Un pourvoi en cassation est finalement formé par BrandAlley.fr, et l’arrêt de la Cour de cassation rendu dans ce litige confirme l’arrêt de la Cour d’appel : il ne peut y avoir d’action intentée pour abus de position dominante à l’encontre Vente-privée.com.
A l’origine du litige se trouvent en réalité certaines clauses d’exclusivité et de non-concurrence, insérées au sein de différents contrats liant les fournisseurs à Vente-privée.com. En effet, les relations commerciales sont organisées par différents modèles (contrat classique, contrat privilège etc.). Selon BrandAlley ces clauses sont anticoncurrentielles compte tenu de la puissance de marché de Vente-privée.com.
Le contrat classique de commercialisation prévoit une clause d’exclusivité aux termes de laquelle le fournisseur s’engage à ne pas vendre ses produits à d’autres sites Internet de ventes évènementielles pendant une certaine durée. Par ailleurs, le contrat « Privilège » offre un partenariat commercial particulièrement étroit avec le fournisseur qui bénéficie d’avantages particuliers en contrepartie desquels Vente-privée.com instaure un engagement d’exclusivité et de non-concurrence à la charge du fournisseur. Cet engagement prévoit qu’au « titre des avantages privilèges, Vente-privée.com reconnaît toutefois et accepte qu’à tout moment le Fournisseur puisse mettre fin au présent Contrat sous réserve que le Fournisseur s’engage à ne pas proposer à la vente ses produits sur un site concurrent au Site de Vente-privée.com, et ce pendant une durée de neuf (9) mois à compter de la résiliation ».
Sur ces points, BrandAlley.fr considère que Vente-privée.com se rend coupable d’un abus de position dominante.
Avant d’établir l’existence d’un abus de position dominante, il est indispensable de déterminer l’existence (et les limites, le cas échéant) d’une éventuelle position dominante, et donc du marché pertinent concerné. Pour rappel, le marché pertinent permet de définir le périmètre à l’intérieur duquel peut être observé un pouvoir de marché et ainsi à l’intérieur duquel peuvent être décelées les éventuelles difficultés de concurrence. Sans marché pertinent, pas de position dominante, et encore moins d’abus d’une telle position !

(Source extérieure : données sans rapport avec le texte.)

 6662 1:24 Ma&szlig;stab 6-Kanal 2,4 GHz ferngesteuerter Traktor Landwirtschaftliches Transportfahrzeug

Aussi, pour déterminer le marché pertinent, il doit être tenu compte, en priorité, des conditions de concurrence, de la structure du marché ainsi que de la substituabilité des produits entre eux. Des études de comportements sont ensuite menées auprès des consommateurs. Sur ces différents points, la cour de cassation retient que les évolutions très importantes du secteur depuis une dizaine d’années ont considérablement affecté les comportements d’achat des consommateurs de sorte qu’il n’est « plus possible d’identifier et de porter une appréciation rétrospective sur les comportements passés ».
S’agissant plus particulièrement de la substituabilité des produits des concurrents entre eux, la cour de cassation se livre à une analyse subtile des éléments dont elle dispose afin de poursuivre son étude et ainsi de déterminer si les concurrents se positionnent effectivement sur le même marché. En l’espèce, la Cour de cassation considère que la substituabilité entre les produits vendus sur les différents sites internet ne peut être établie. Sa position est justifiée par le fait que certaines caractéristiques de la vente de déstockage (niveau « attractif des prix, confidentialité de la vente, positionnement haut de gamme etc.) se retrouvent également dans les autres canaux de distribution (notamment physiques) de produits invendus. D’autre part, l’absence de substituabilité avec les autres canaux de distribution ne peut pas être démontrée de sorte qu’il n’existe pas un marché propre de la vente évènementielle de déstockage en ligne.
Dès lors, il n’existe pas de marché pertinent de la vente évènementielle de déstockage entre 2005 et 2011.
Aussi on comprend que la délimitation du marché pertinent relève d’une analyse très circonstanciée qui peut évoluer au cours des années et des pratiques étudiées. C’est évidemment le cas de la vente en ligne, secteur en perpétuelle évolution depuis une dizaine d’années.